I was reading one of Alan’s posts over at StillSecure, based on the Lending Tree debacle. He starts with a bit I totally agree with:
This sort of stealing your competitors information has been going on for decades, well before computers and cybercrime were around. However, this is a great example of some things not going out of style. Obtaining your competitors information is a great motive, computers are just the container where the information is kept.
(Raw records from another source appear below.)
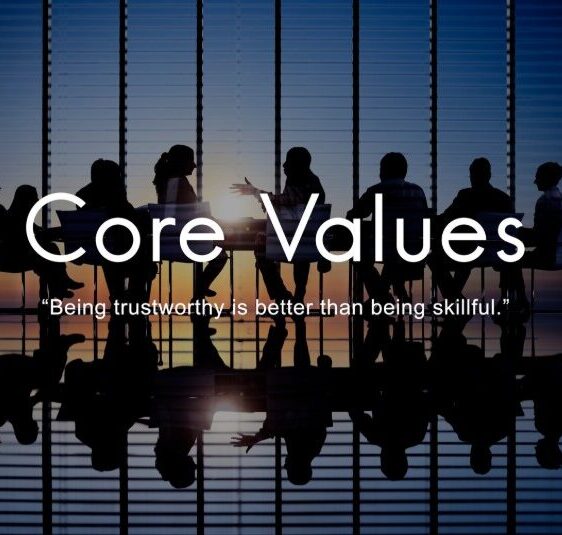 Arnova Life Sciences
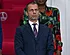 'UEFA plant nu ook revolutie in WK- en EK-voorrondes'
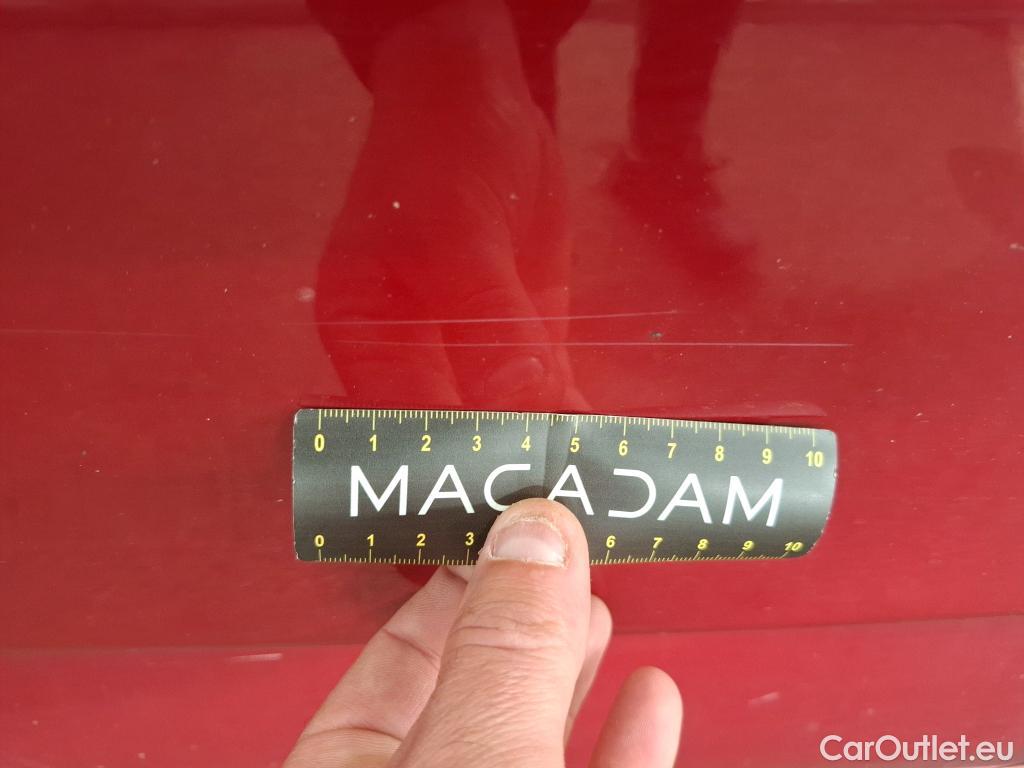  Citroen  C4 Picasso /Spacetourer Business Class 1.5 BlueHDi 130CV BVA8 E6dT #77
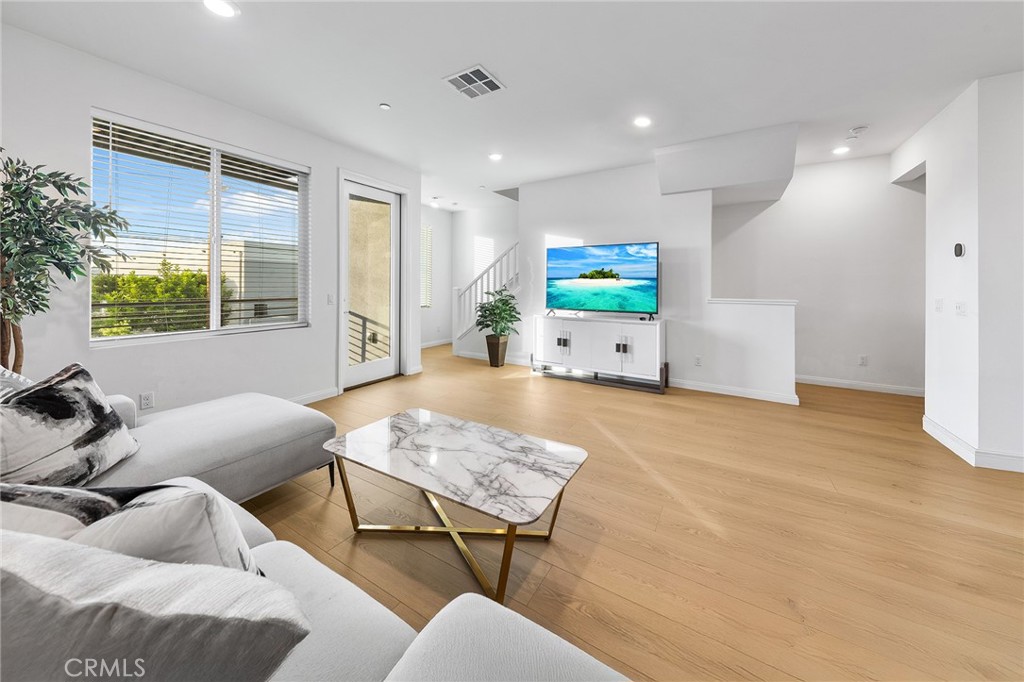 249 Steely Property Photo 7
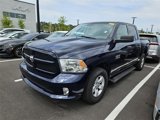 Used 2018 RAM 1500 Express image 2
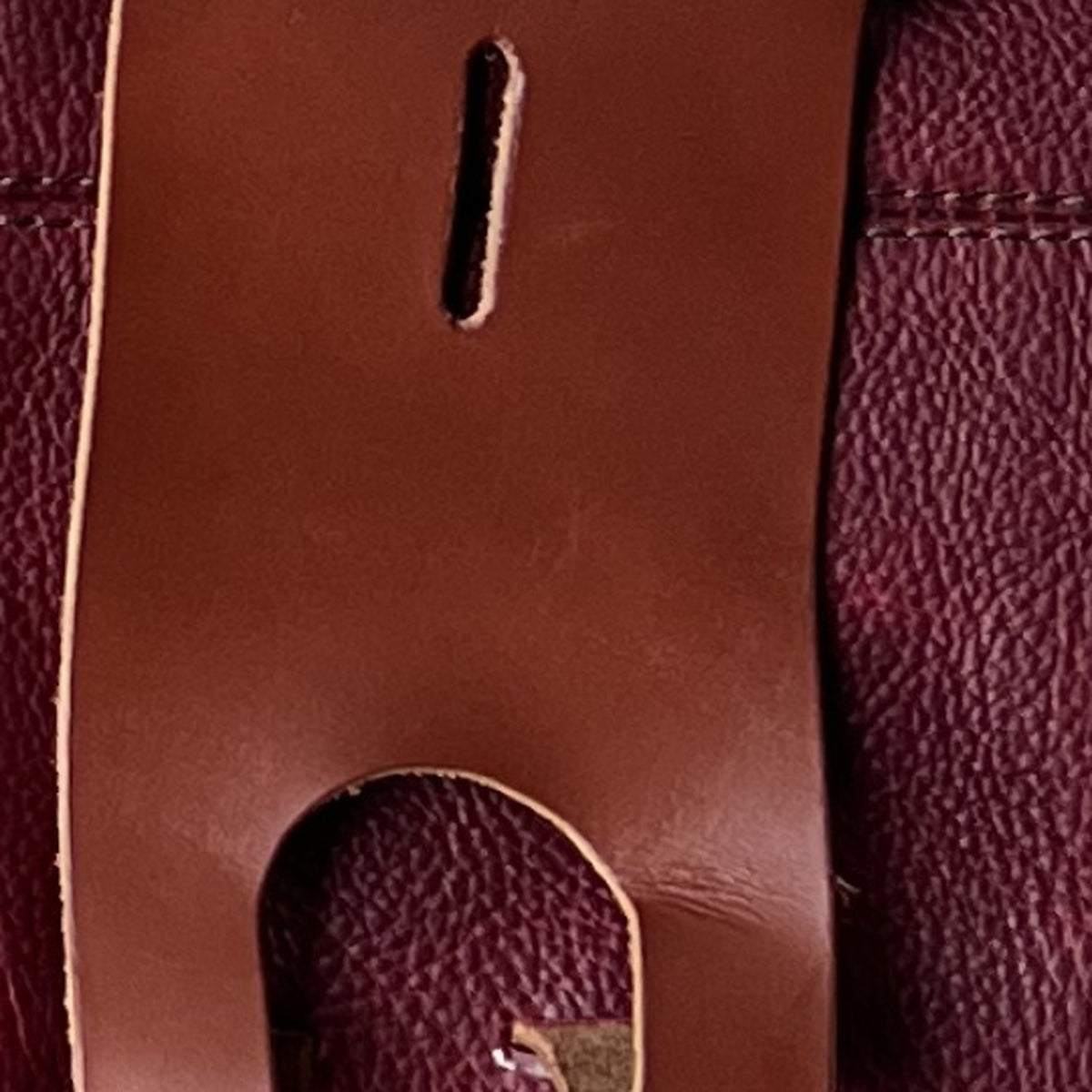#color_Red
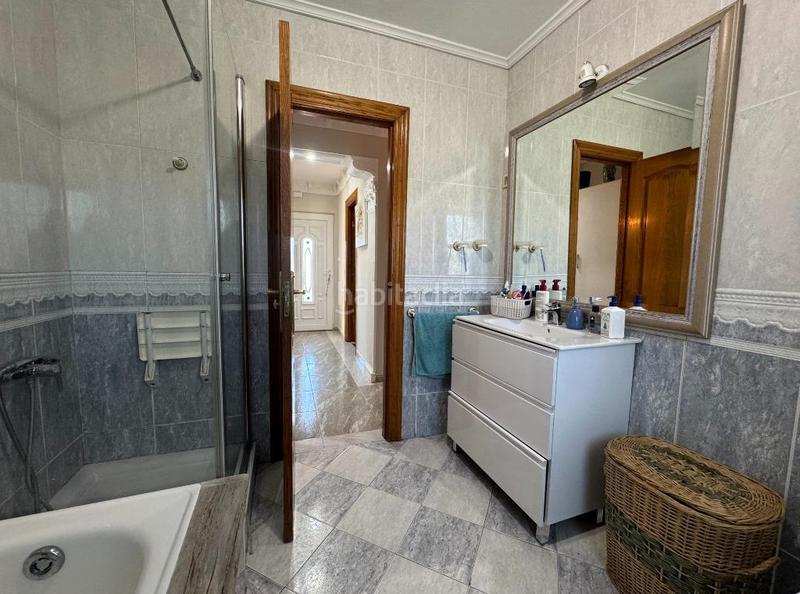 Foto c6ee4131-4383-4f0a-bed5-65582a397680. Casa amb calefacció aparcament a San Felices de Buelna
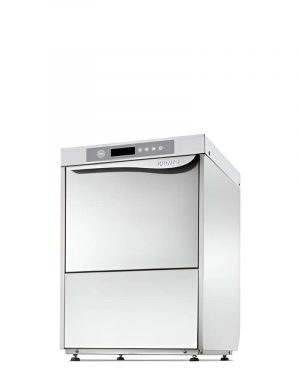 Kromo LUX 70 EL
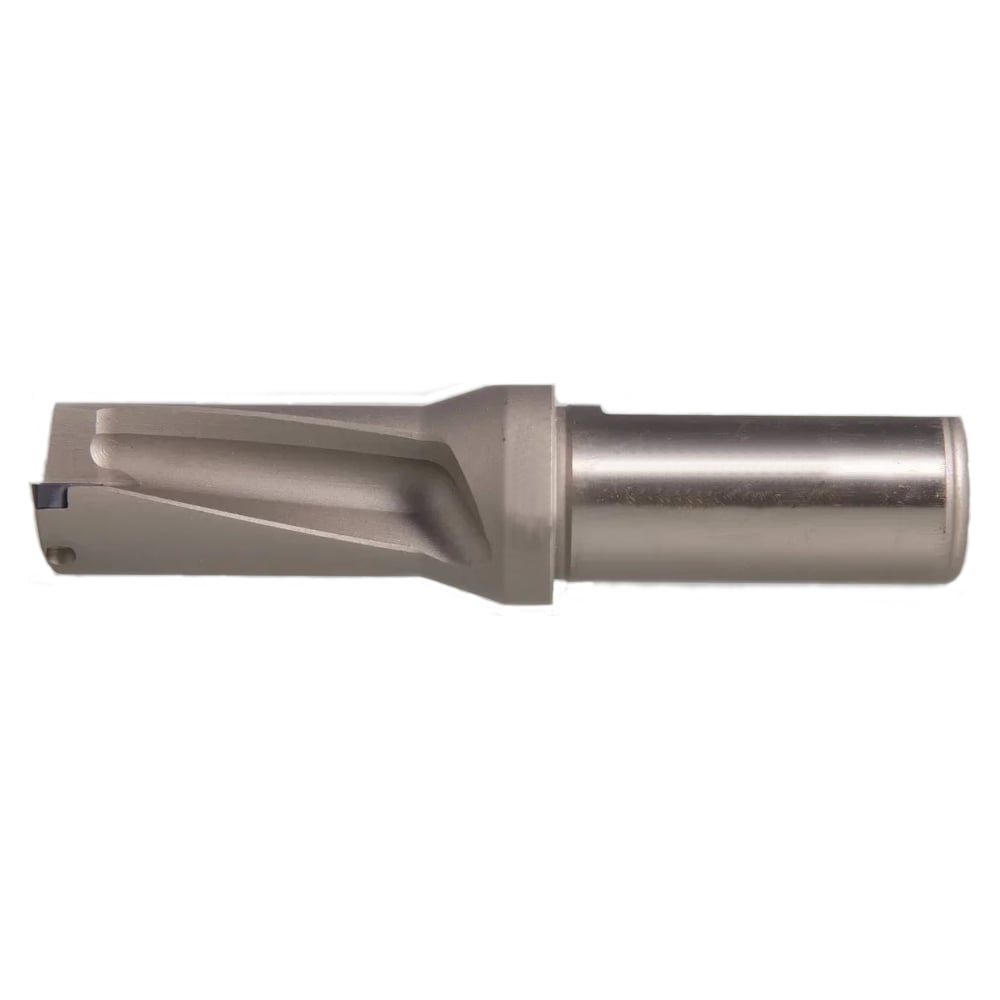 Корпусное сверло ACCKee C40-2D43-91WC08 db00029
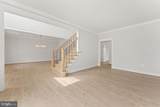 5903 Copper Mill Dr - Photo 31
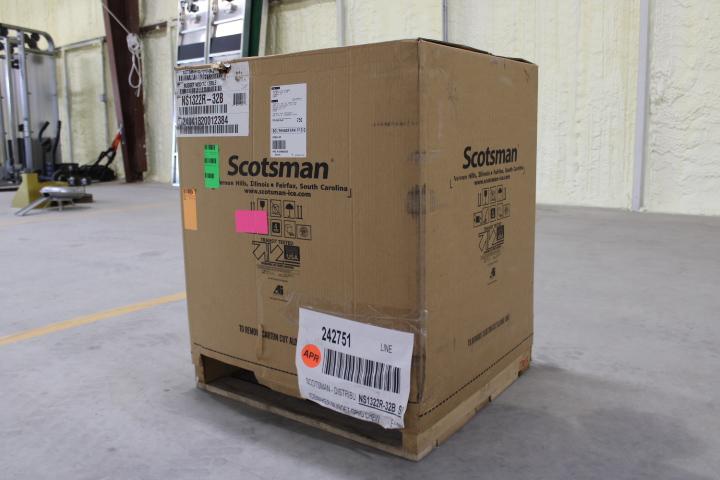 Auction item image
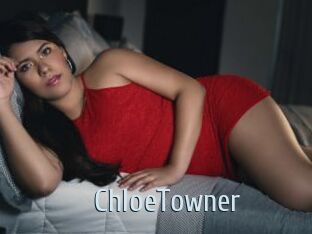 ChloeTowner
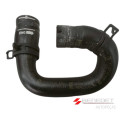 Mangueira Respiro Óleo Motor Gm Onix Prisma Cobalt 2013/19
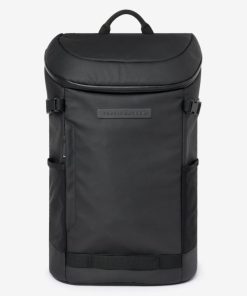 Canyonpath.shop1db1461a39 1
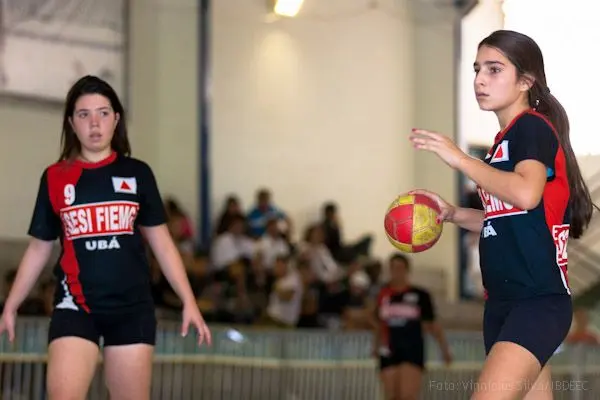 O Jemg é o maior e o mais importante programa esportivo-social do Estado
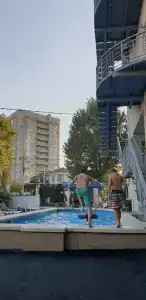 Валенсия - 18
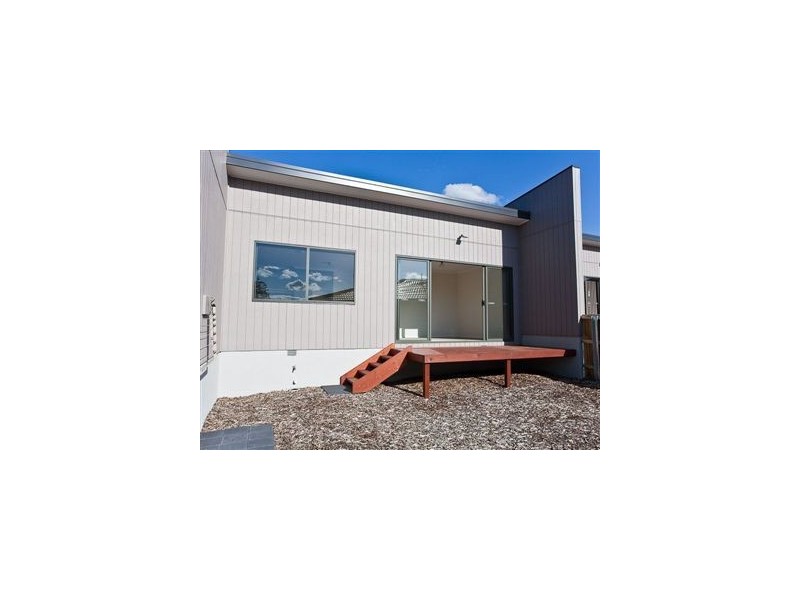 3/5 Northsun Place, Midway Point TAS 7171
This is something I’ve been harping on for a while- the only new thing about cybercrime is the vector; nearly every crime we see has a corollary in the physical world. Why? Because we’ve been screwing each other over since before we were technically humans. We’ve been taking things that don’t belong to us since far before we had any concept of commerce or society. That’s tens of thousands, if not hundreds of thousands, of years of criminal refinement. Nigerian 419 scam? It’s the Spanish Prisoner. DoS? It’s sabotage or a protection racket. You name the cybercrime, and I can name the pre-cyber-crime.
Now how does this practically apply to how security professionals do their job?
Focus on the crime, not the tech. When you’re piecing together your defenses, monitoring for incidents, or cleaning up a mess, always remember that someone attacked for a reason. If they didn’t steal something, hijack an asset for their own use, trespass for the fun of it, or vandalize/break something, keep looking. Odds are you still haven’t figured out why they are there, and what the real target is, and your day ain’t over yet.
A person may change, but people don’t.